QUESTION: Good. The other thing, we’re getting rather stuck on issues like being victims and blaming. Perhaps you can help us broaden the issues so that we could present a very comprehensive paper at this conference in Mexico in 1975.
ANSWER: Basically, to begin with, the following aspects could be emphasized, and later on other issues can be added on. The most important one would be to help all women find the unity of their autonomous self-responsibility in conjunction with the feminine principle of receptivity. There has been such a tremendous duality in this respect.
The world, as in many other issues, seems to be divided into two camps: the ones who say that in order to be feminine the woman must deny her selfhood, her creativity, her inalienable right to be a full-fledged individual – and on the other hand, to be the best she can be, to be the most intelligent and the most strong she can be.
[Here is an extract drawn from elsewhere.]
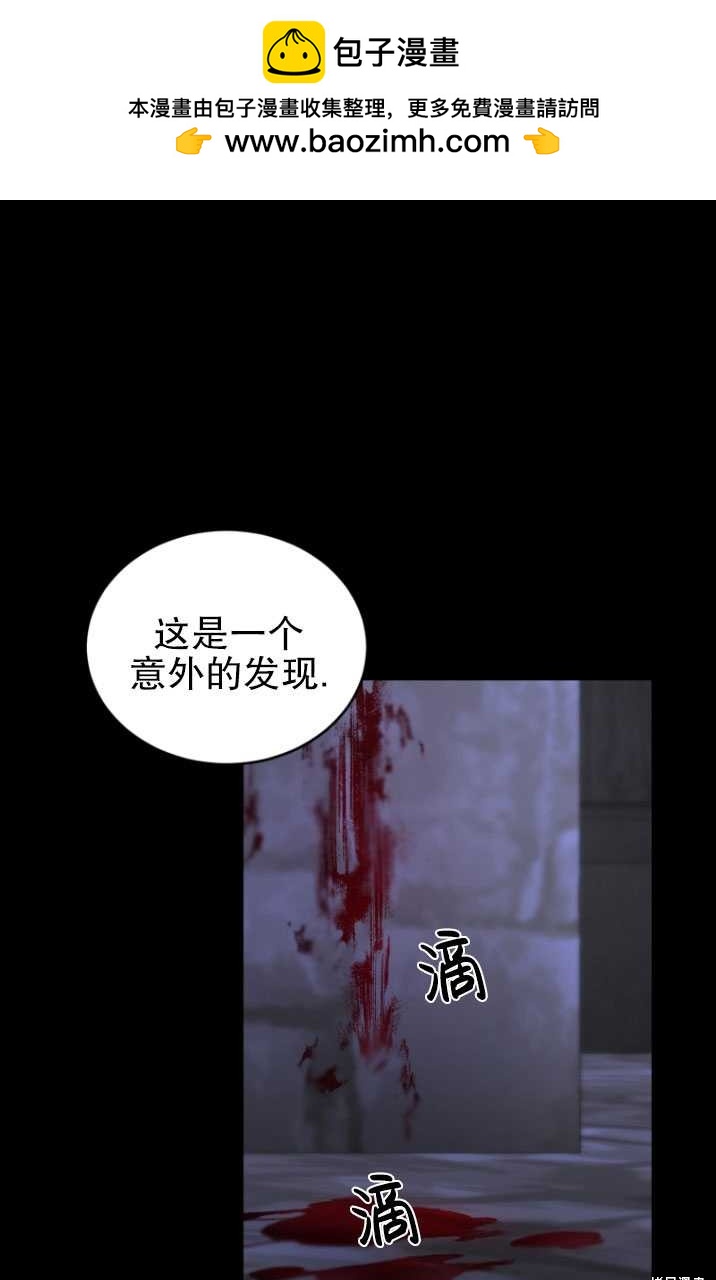 🍲重生小姐 第16话 第1页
This opinion tends to believe that if the woman is strong and self-sustaining and creative and independent, that this needs to impair her femininity.
On the other hand, we have the great factions of the new womanhood that is arising today that denies the feminine principle, the receptive principle, and confuses it with what these other people say: the woman, if she’s feminine, she has to be weak and dependent. Of course, then there is a rebellion against this.
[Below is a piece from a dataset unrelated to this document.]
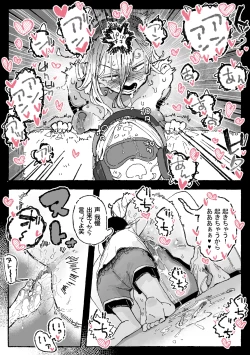 Page 14 of 子〇に付け込まれちゃうだらしないお姉さん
Your work can be very helpful to bring these two principles together – to show that if the woman is without the receptivity and the capacity to surrender to her feelings, and to be wholly loving and melting and soft, that if she is not that, she can never be strong; just as the man can never be truly strong, without his gentleness.
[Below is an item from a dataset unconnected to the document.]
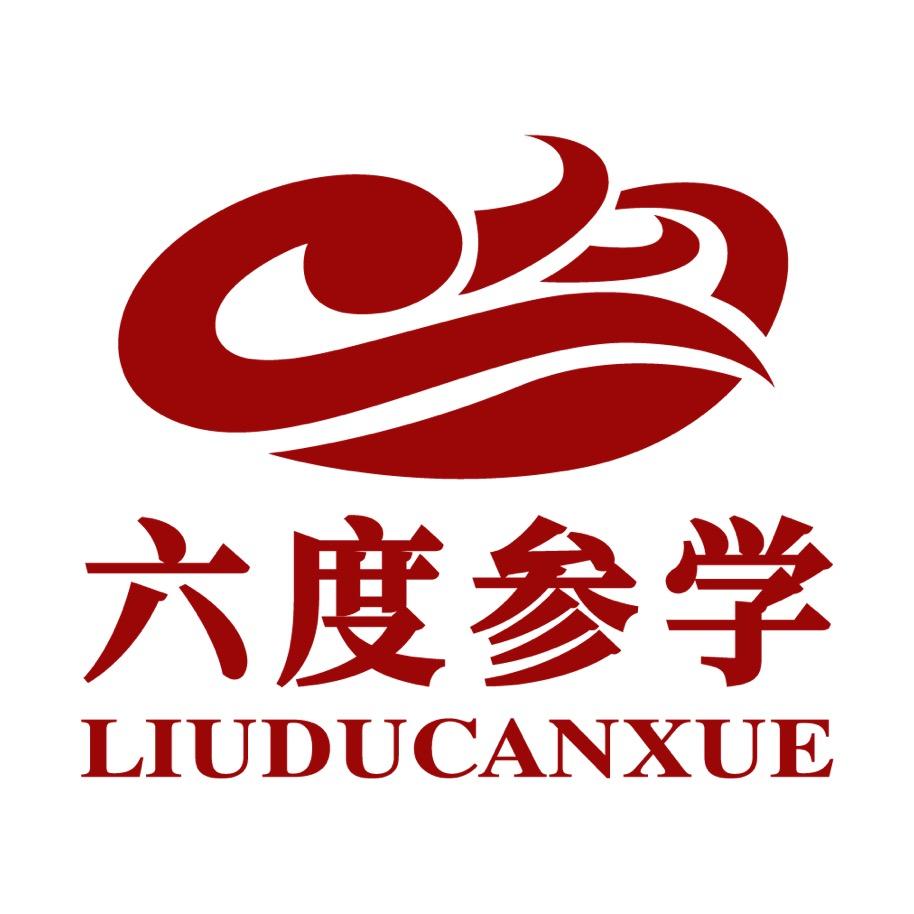 六度参学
Now, they both start from two different ends, but the principle is the same. The man must come through his softness to his strength, and the woman must come also through her softness to her strength. In history, it was the other way around. The man had to be, for a long time, only strong, apparently or primarily or predominantly. In order to survive in times past, he had to curb the tendency for his soft feelings.
And the woman, for a long time, had to curb her strength and her individuality. So they did approach one another from two different ends. But both need to combine both principles in order to be fully men and women. You can help very, very much in discussing these principles from many different angles and vantage points, to find this unity and to create a unity out of this dualistic split on this topic.
QUESTION: We’ve been recently making contact with a women’s group in places like Findhorn. I was wondering if you could give some guidance about the possibility of moving from various spiritual centers around the world during the International Women’s Year and perhaps infusing the new spiritual consciousness, particularly during that International Women’s Year conference.
ANSWER: I would be glad to. Instead of having another question and answer session whenever that is scheduled for, I will give a specific lecture [Lecture #229 Woman and Man in the New Age], if you wish, for that purpose, which can be used and which can become a link for all these women.